The Sixth Circuit, on the other hand, has held that the Board abused its discretion in designating a single branch bank as a unit. Wayne Oakland Bank v. NLRB, 462 F.2d 666 (6th Cir. 1972). Instead of disagreeing with the rationale of Banco Credito, however, the court distinguished that case on two factors: geographic proximity (all branches in Wayne Oakland were within 25 miles of the main office) and substantial employee interchange, which the court felt would create friction and chaos in labor relations were one branch to unionize while others did not.
This court has already approved the single-location unit presumption in the retail sales field.
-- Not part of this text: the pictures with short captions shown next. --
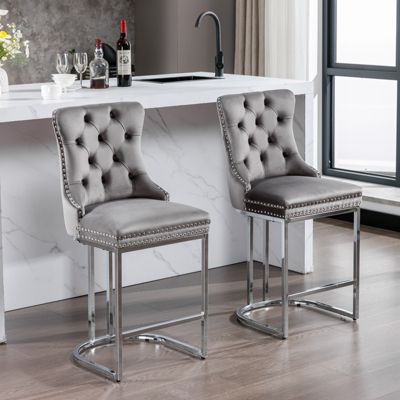 Streamdale Modern Gray Velvet Bar Stools Set Of 2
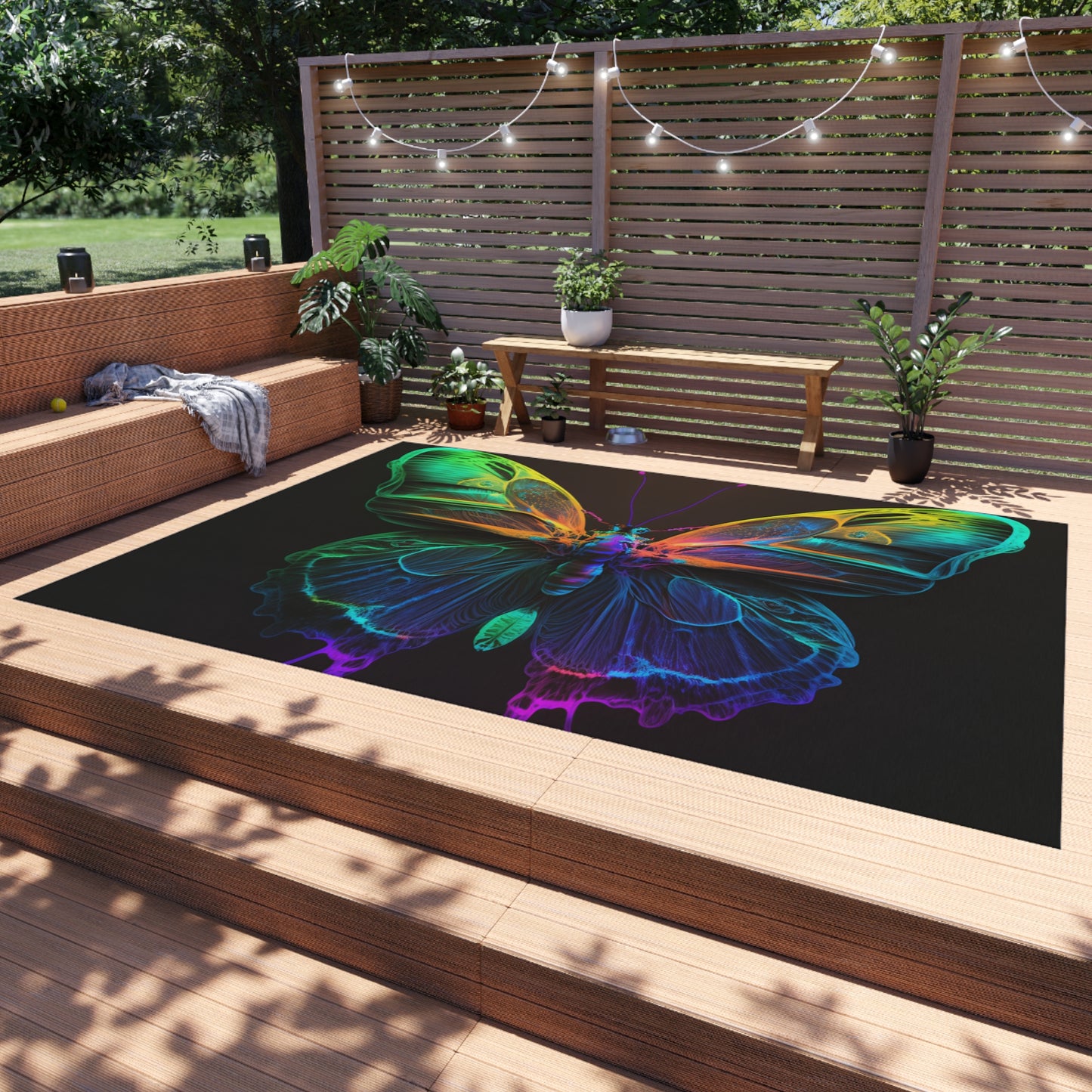 Outdoor Rug  Raw Hyper Color Butterfly 3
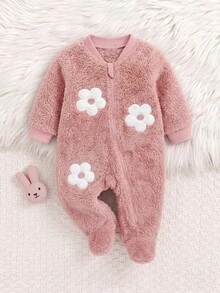 SHEIN 新生兒嬰兒花卉貼花刺繡毛絨連身長褲 - 粉色 - 查看 3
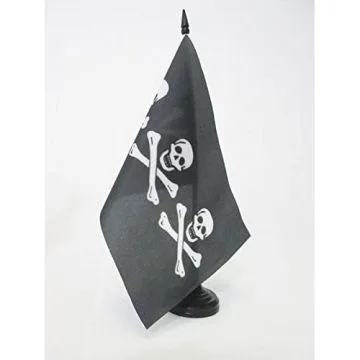 DRAPEAU DE TABLE PIRATE 3 TÍ?TES DE MORT 21x14cm - PETIT DRAPEAUX DE BUREAU CORSAIRE - PIRATES 14 x 21 cm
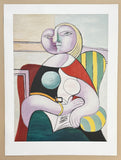 Pablo Picasso exhibition poster - Woman reading - young lady  - museum artist - art print
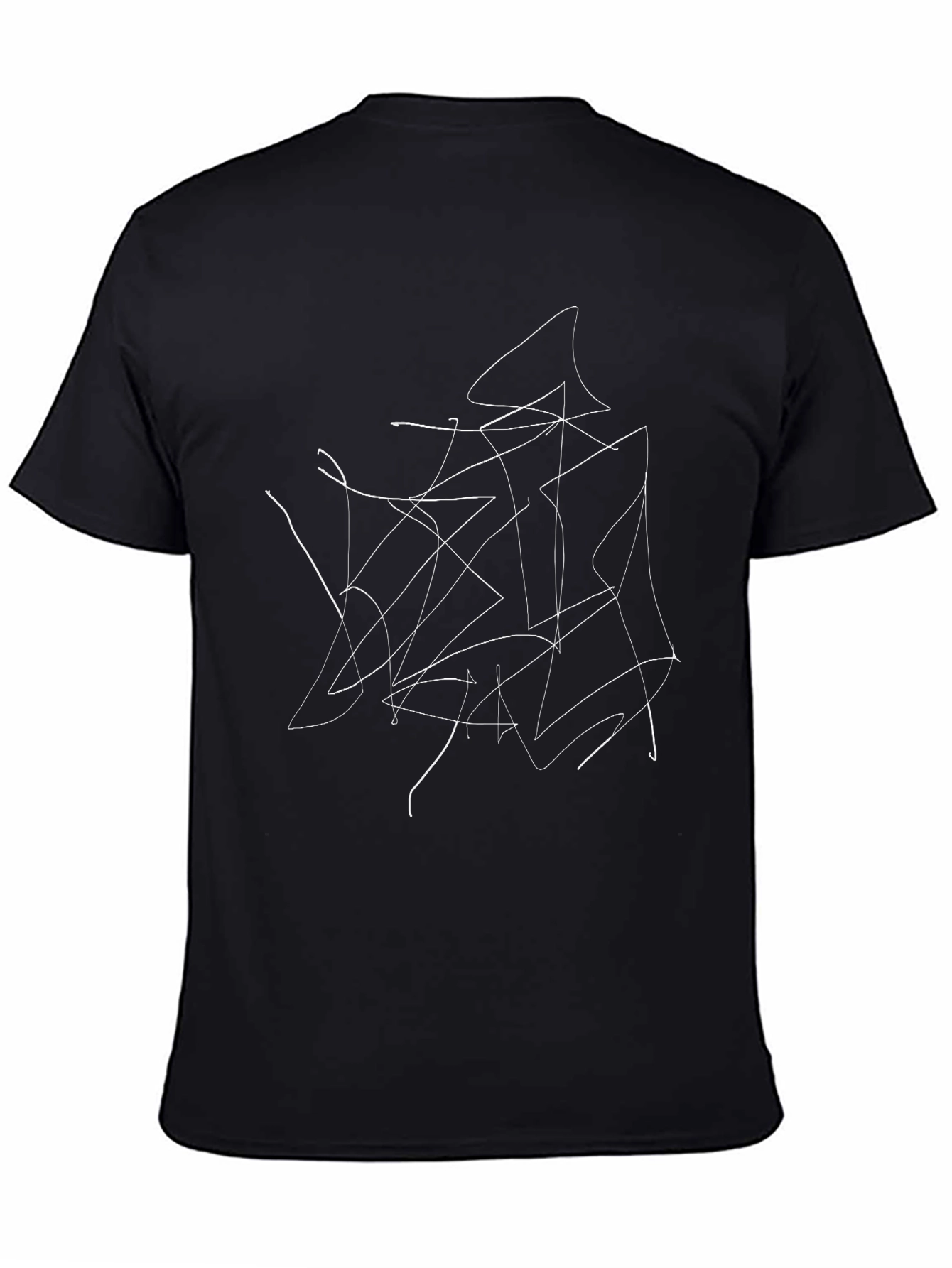 Abstract Line Art Black T-Shirt - Modern Graphic Tee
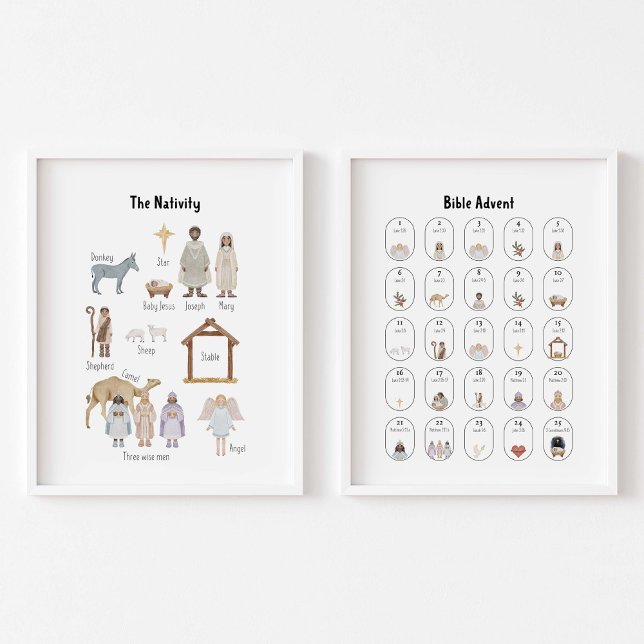 Watercolor nativity advent calendar wall art sets (Creator Uploaded)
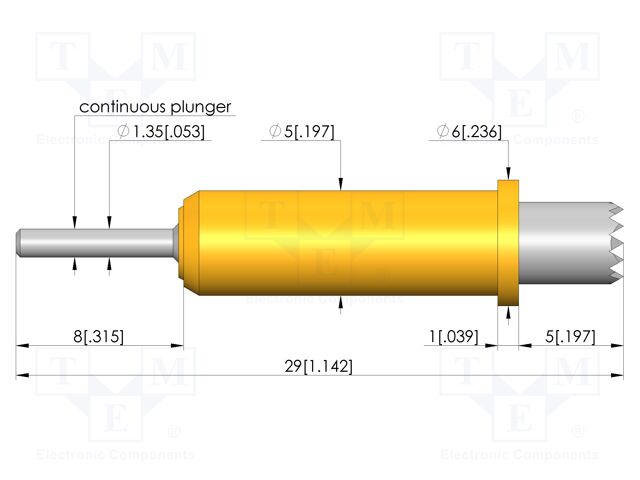 Test needle; Spring compression: 4mm; 5mm; 5A; steel; Ø: 4mm; 0.6N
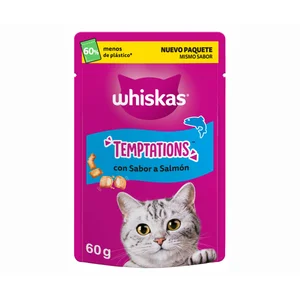 WHISKAS Snacks temptations salmón 60 gr.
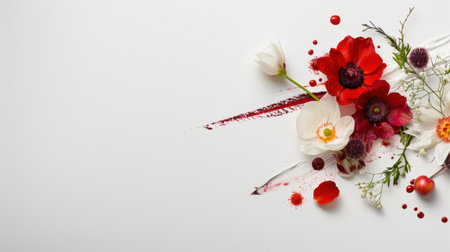 Stunning vibrant floral arrangement featuring red and white blossoms on a light background, perfect for elegant design and artistic projects.の素材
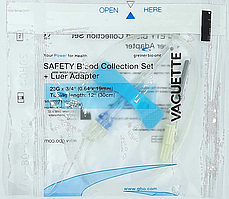 Набір для взяття крові SAFETY + люер-адаптер 23Gx3/4", довжина катетера 12" (30 см) без латексу, 90 шт/уп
In NLRB v. Lerner Stores Corp., 506 F.2d 706, we enforced an order by the Board that designated a single store, out of 400 stores nationwide, as a bargaining unit. The employer argued that a unit composed of all seven San Francisco area stores was the only appropriate one. This court stated that one of the ways the single-store presumption can be overcome is by evidence that the single store "lacks `meaningful identity as a self-contained economic unit.'" Id. at 708. In deciding that the single store was an identifiable economic unit, we focused on the amount of employee interchange between the Bay Area stores, concluding that a 10% exchange between stores over a five-year period was an insufficient amount to preclude a single-store unit. We further stated that centralized control over labor policies will not preclude a single-store bargaining unit. Id.
We find no reason why the banking industry should be excepted from the single-location unit presumption already adopted for the retail sales field. As the Board has stated, this would only "deny employees in the excepted industry the same rights enjoyed by employees in other industries." Wyandotte Savings Bank, 245 NLRB No. 120 (1979).
Applying the factors used in Lerner, we cannot find that a bank-wide unit is the only appropriate one. The Kenai branch is geographically isolated, local managers retain control over day-to-day employee relations, and there is no significant amount of employee interchange between the branches. Distance between the branches frustrates effective union activities, since employees would be greatly inconvenienced if not prohibited in attending union meetings hundreds of miles away. Differences in cost of living at the different branch locations might also hinder collective bargaining.
Given these geographic conditions, the employer has not met its burden of showing that the designated unit is an inappropriate one for the purposes of collective bargaining. Employees at the Kenai branch comprise an identifiable and autonomous unit, and the Board did not abuse its discretion in designating them as a bargaining unit. We, therefore, deny the employer's petition for review and grant enforcement of the Board's order.